Willkommen vor der legendären Woiwodschaft Poznań - oder sagen wir lieber: dem Herzen eines alten Reiches, das ständig seine Grenzen neu zog, als hätte es beim Wandern immer den Kompass vergessen! Stell dir vor, du stehst auf verwunschenem Boden, der schon unzählige Male neue Herrscher und Namen bekommen hat. Es ist, als hätten hier die Bürokraten immer wieder große Kartons voller Stempel ausgeschüttet und gesagt: „Ab heute machen wir es ganz anders!“
Begonnen hat alles im Jahr 1320. Da wurde die Poznań Woiwodschaft aus der Taufe gehoben, mit ihren saftigen Feldern und lebhaften Städten wie Gniezno, Inowrocław und natürlich Poznań selbst. Stell dir die Gassen hier vor, im Mittelalter, von Rittern, Händlern und neugierigen Kindern bevölkert, der Duft nach Leder, Pferden und frischem Brot in der Luft. Jahrhunderte lang lag die Woiwodschaft in der Hand der Familie Garczyński - einer polnischen Adelsfamilie, die keinen Partyabend und kein politisches Ränkespiel ausließ. Besonders Stefan Garczyński war eine schillernde Figur! Er schrieb nicht nur Bücher, sondern stellte auch Ansichten infrage, die damals als so starr galten wie ein Ritterhelm. Er wetterte gegen die Leibeigenschaft und konnte vermutlich schneller reden als ein Pferd galoppieren kann.

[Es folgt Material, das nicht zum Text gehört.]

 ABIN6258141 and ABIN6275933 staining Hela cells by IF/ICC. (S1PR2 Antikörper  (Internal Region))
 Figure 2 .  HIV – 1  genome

Doch dann - Spuk! - kamen 1793 die Preußen und sagen: „Sehr nett hier, nehmen wir mit.“ Ab jetzt hieß das alles mal Südpreußen, dann Poznań Department, dann Großherzogtum Posen, dann Provinz Posen. Die armen Kartenzeichner - die mussten ständig radierten! Und du dachtest, du hättest einen komplizierten Stammbaum…
Nach dem Ersten Weltkrieg, als das Leben in Europa ohnehin Kopf stand, wurde die Woiwodschaft wiedergeboren, diesmal aus der preußisch-deutschen Provinz Poznań. Ihre Bewohner mussten sich ständig anpassen: Mal gehörten Teile wie Bydgoszcz dazu, dann nicht mehr, dafür aber neue Gebiete im Osten. Wer damals einen Umzug plante, musste nur warten - manchmal zog die Grenze einfach direkt durchs Wohnzimmer!
Als dann der Zweite Weltkrieg kam, wurde Poznań von den Nazis okkupiert und bekam den unheimlichen Namen „Reichsgau Wartheland“. Die Geschichtsbücher hier lesen sich wie ein Krimi - ständig neue Herrscher, große Umwälzungen, viel Leid, viel Hoffnung.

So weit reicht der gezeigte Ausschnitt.